Fort Dunree is an 18th-century defensive site perched on cliffs alongside Lough Swilly on the Inishowen peninsula in Donegal. Always keen to do a bit of exploring, I stopped off on a recent visit. I found the place to be so interesting, steeped in history with plenty of walking paths and information boards dotted around the grounds. And, as you can imagine, incredible Donegal views in all directions.
If you want to hear more about Fort Dunree Donegal, keep reading:
History of Fort Dunree – Who Built Fort Dunree Donegal?
Fort Dunree was originally built in 1798 on top of an existing small fort, guarding the area. Lough Swilly had already been a common way of entering the country. The small fort was initially built to defend against the threat of French invasion and was added to in the late 19th Century.
It was extended and improved over the years and in World War 1 an English admiral and his fleet were stationed in Lough Swilly. Eventually, the fort was given over to the Irish Free State and in World War 2, the area was manned to prevent the nations at war from violating Ireland’s neutrality.
The Museum – Fort Dunree Military Museum
The Fort Dunree Military Museum opened in 1986, allowing visitors to learn all about the site’s past throughout history. When I visited on a bitter blustery day in March, it was more to do the walks. But I am sure it is worth the visit.
Complete with museum displays and a video presentation, you will learn all about life at Fort Dunree back in its day and the underground bunkers hold artifacts, equipment, and memorabilia.
The Walks – Enjoy the Scenery and Wildlife of Fort Dunree
I really visited for the walks. Although I didn’t visit the museum, plenty of time was spent wandering around the grounds. The series of signposted walks bring you up around the cliffs and viewpoints to look over the Lough and surrounding cliffs and beaches.
There are three walks in total.
You can walk right up to the “Top Fort” where you can still see the guns that still remain. Be warned, there are plenty of stone steps you have to conquer before you get there. You will be rewarded at the top though!

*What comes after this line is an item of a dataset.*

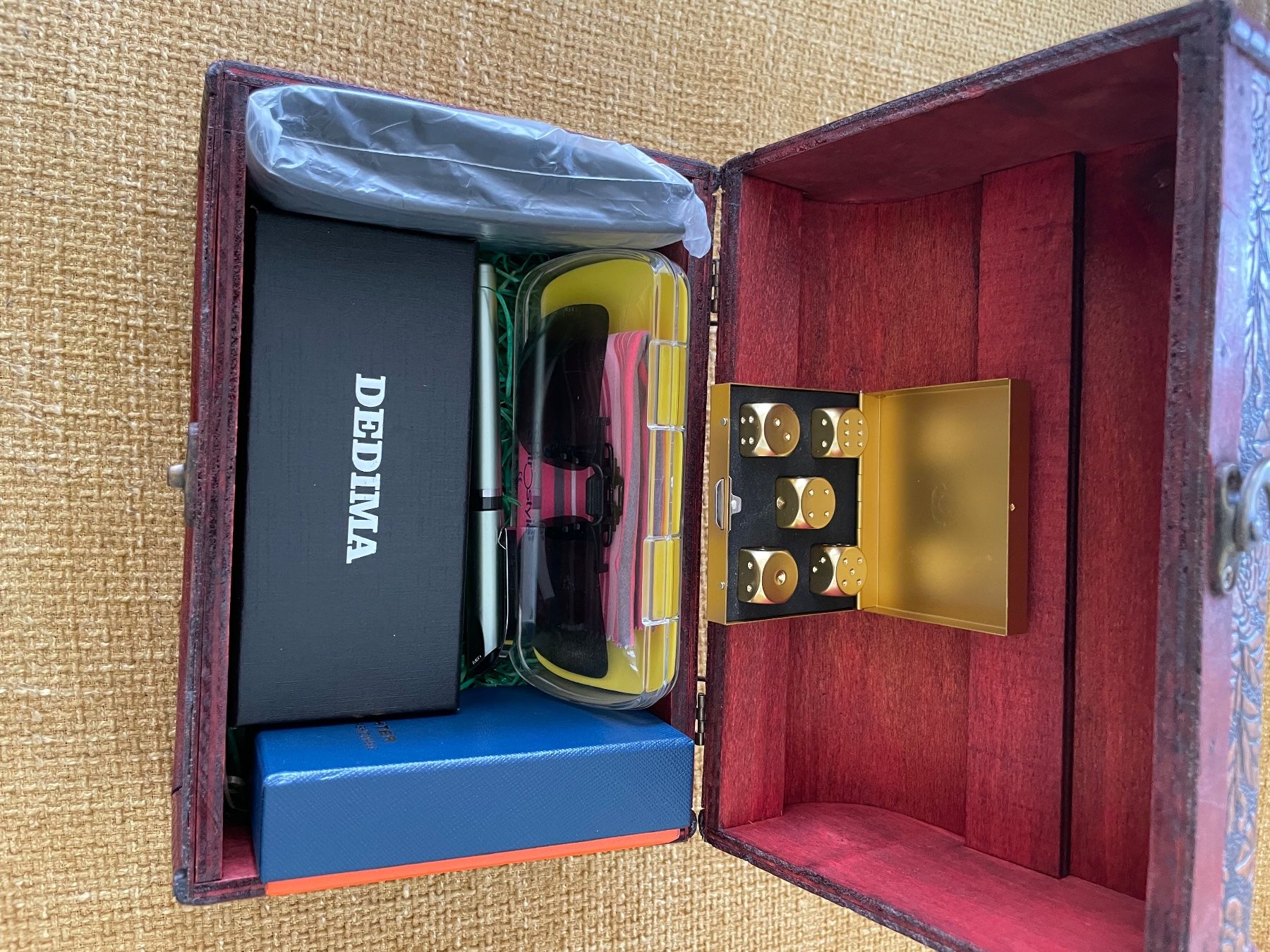 Tutte le decorazioni: Geschenkbox mit diversen Artikeln – Nuovo e nell'imballaggio originale da ossingen venduto da franco057 1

The remains of thirty old barrack buildings are still standing around the fort. What was once workshops, canteens activity halls and other amenities are now derelict corrugated rusty remains. It is pretty eery walking around trying to imagine what life was once like here.
Eoghan had moved home to Donegal, three and a half hours drive from where I was. On the night of St.Patricks day, I’d had enough of the distance, got in my car and headed for the North West.
Breakfast – Claire the Bakers
Sunday morning we went straight for breakfast. Nom. Eoghan always takes me to a place called Claire The Bakers, and I’m not complaining, every time it’s been delicious!
The ketchup came in these teeny tiny tin cups. I was way too pleased by that haha. Eoghan lent me his 50mm lens, so I spent more time messing around with it than anything else!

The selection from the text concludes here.